What are some standard tropes of fantasy? Wizards, incantations, duels of magic, schools for magic, numinous objects, farmboys with undiscovered powers, light romance, world traipsing adventures—they are on the list, right? And, what if we took this body of tropes and trotted them out dressed in the clothes of a 21st century conspiracy thriller? Why, we would have Max Barry’s 2013 Lexicon, wouldn’t we? Enough of the questions.

A secret organization known as the Poets scour the world’s cities looking for new members, all the while their Academy trains would-be members in the arts of personality recognition and neuro-lingual hacking. Yes, neuro-lingual hacking. By identifying a person’s personality type, poets are able to utter secret code words (handed down through generations, undoubtedly) matching said personality type to bring said person under their said control—a subservient automaton, as they say.

Happening in separate places and times, in the early going of Lexicon two characters are caught up in sticky situations with the Poets. An Australian man named Will who suffers from amnesia (simply a classic-classic fictional device, no?) is assaulted on the street one day by men who claim Will knows more than he remembers he knows. A gunfight and bizarre suicide the result, Will finds himself on the run with one of the men. A reticent guy who calls himself Eliot, he believes Will has secrets locked up in his brain that can save the world from total chaos. The two find themselves on a dangerous road trip to, of all places, Broken Hill, Australia. A few years earlier on the streets of San Francisco, a homeless teenage girl named Emily runs a three-card monte scam, earning a dollar here and a dollar their to just survive. A natural candidate for the Poets based on the manner in which she must read and incite her potential victims, it isn’t long before a Poet notices and recruits her to the Academy. Things not going as planned while studying, Emily learns a great deal—more than her professors teach her. But her “graduation” from the Academy comes much faster than the other students and lands her, in all places, Broken Hill, Australia.

As hinted at in the opening comparison to mainstream fantasy, Lexicon is not a deep novel. It earns its stripes in the manner in which Barry maintains suspense. The logic behind the Poets, the importance of Broken Hill, the knowledge Will has forgotten—all of these aspects and more are steadily peeled back as much as they are kept a finger’s breadth away from complete reveal. The prose is workaday and the neuro-lingual hacking premise is silly, but Barry stages his production, one scene building into the next, tantalizingly. With each page it became harder and harder to consider neuro-lingual hacking with any seriousness, but there is always an urge to keep reading to know the reasons—not something that can be said of every book. Want a thriller: mission accomplished.
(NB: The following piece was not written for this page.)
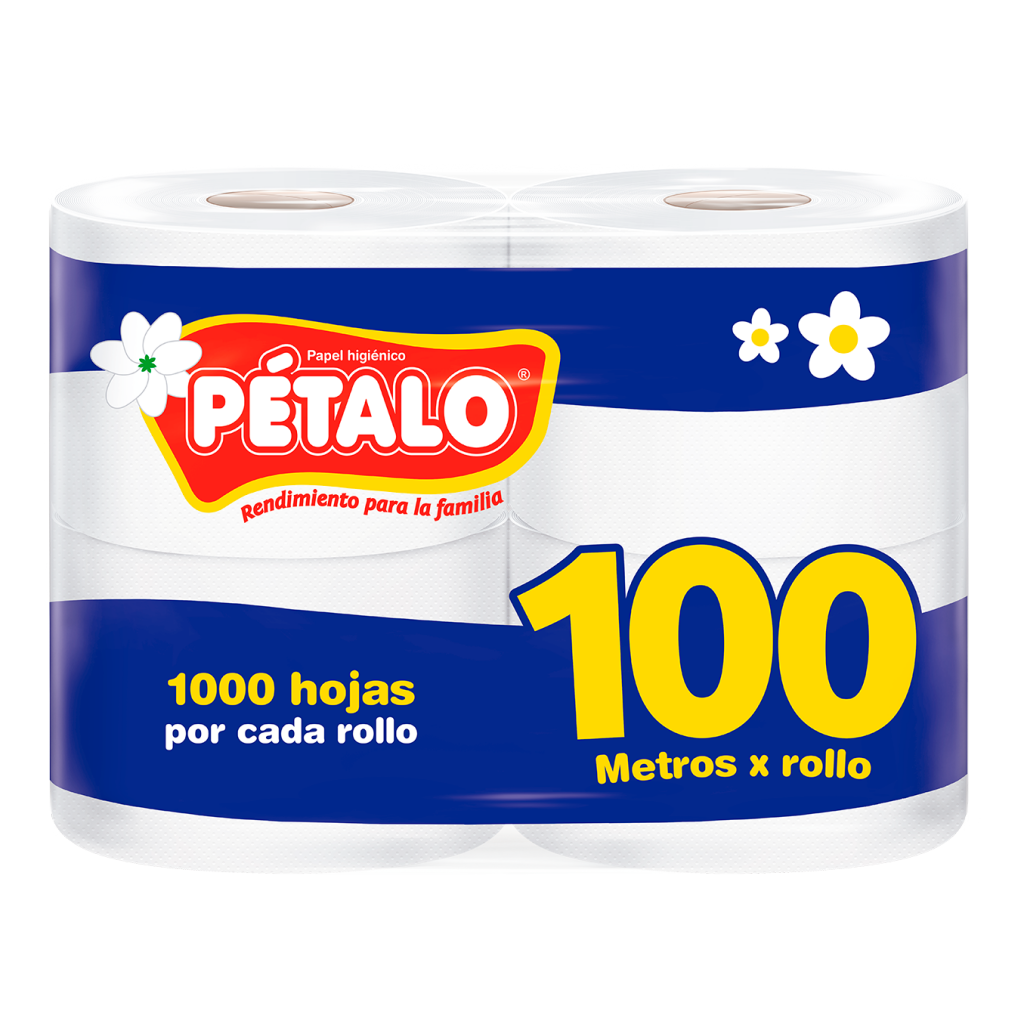 Papel higiénico - PÉTALO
It’s perhaps inevitable that Lexicon, with its idea that language can somehow be used to subconsciously control other people, is compared to Samuel Delany’s Babel-13. A novel with a similar premise, Delaney deploys it with a little more delicacy and sublety, however. Where Barry takes a no-nonsense approach, presenting semiotic control (har-har) directly, Delaney is more sophisticated, using a little linguistic experimentation and authorial sleight of hand to slip between the reader’s understanding of self-control and under-control. Delany does not drive his narrative with anywhere near the same intrigue, but does treat the idea of semiotics with a little more respect (read: realism).

In the Washington Post, Graham Sleight opens his review of Lexicon with the observation the book is essentially a one-note joke. And I can’t disagree. The idea people’s personalities can be categorized hermetically and that their brains can be hacked and taken over with the utterance of a few code words, really tests the reader’s willingness to suspend disbelief. Barry does a superb job pushing, and pushing, and pushing the suspense—both plot and logic—throughout the novel, truly driving it along. But for those unable to give in to wizardly spells in a contemporary urban setting, indeed the novel is nothing more than simple paranormal fantasy—wizards and magic dressed in conspiracy thriller clothes. See Daniel Abraham’s Long Price Quartet, starting with A Shadow in Summer, for an undisguised and quality rendering of poets as wizards.